The great war between people who write about politics for a living is not between liberals and conservatives, but between humanities majors and math nerds, and their battleground is currently the validity of Nate Silver's FiveThirtyEight election prediction model.The English majors have been writing that the presidential race is a total tossup-down-to-the-wire-nail-biter, and the math nerds, most prominently Silver, have been writing that actually, the race has been pretty stable and President Obama has a solid chance of winning. A 72.9 percent chance, in Silver's estimation. The week before Election Day, the English majors launched a major offensive against the math nerds, who pose a threat to fierce urgency of their headlines. "Nate Silver: One-term celebrity?" Politico's Dylan Byers asked Monday, chronicling the complaints of David Brooks, Joe Scarborough, and others whose livelihoods depend on people caring about their subjective feelings about elections saying they think Silver's overrated. On Tuesday, nerds rallied to the defense of their own.

For a long time, most discussion of who will win the election has been dominated by pundits, who depend "heavily on qualitative impressions and hazy narratives," Dartmouth professor Brendan Nyhan writes at Columbia Journalism Review, "But as the audience for quantitative analysis of politics has grown" -- analysis like Silver's -- "the establishment analysts have become increasingly defensive about their status." You see that in articles like the one by Politico's Byers, who suggests that if Romney wins the election, Silver's career is toast. That seems to show a lack of understanding of the difference between analyzing the probability something will happen and predicting that for sure that thing will happen. A 25 percent chance of something happening is still a pretty solid chance.

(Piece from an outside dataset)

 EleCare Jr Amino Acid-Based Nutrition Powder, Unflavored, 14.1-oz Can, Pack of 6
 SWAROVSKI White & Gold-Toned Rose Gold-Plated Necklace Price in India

And Silver's model is actually one of the more conservative, Nyhan demonstrates in some handy charts, seen at left, comparing FiveThirtyEight to other models. "Whatever objection pundits or conservatives may have is with the state of the publicly available evidence or the way in which forecasters and betters translate that evidence into probabilities, not with Silver or his methods," Nyhan says.

It's worth noting that it's Politico's writers, as The Washington Post's Ezra Klein points out, who have made some of the most "downright weird" arguments for why Silver is wrong. For example, Politico’s Jonathan Martin tweeted, "Avert your gaze, liberals: Nate Silver admits he’s simply averaging public polls and there is no secret sauce." (The lack of "secret sauce" is not a bug, it's a feature.) Sure, you can criticize Silver for not making his proprietary model public, or for leaning too heavily on polls, or that he adds unnecessary factors, Klein says. But the idea that Silver is wrong because it shows Obama winning is silly. So do most other models. But it makes sense that "a lot of the odder critiques of Silvers have been coming out of Politico," Klein writes. He's a threat to horserace journalism, which Politico specializes in. So what seems like a debate over the value of Silver's work is really a debate over the value of Politico.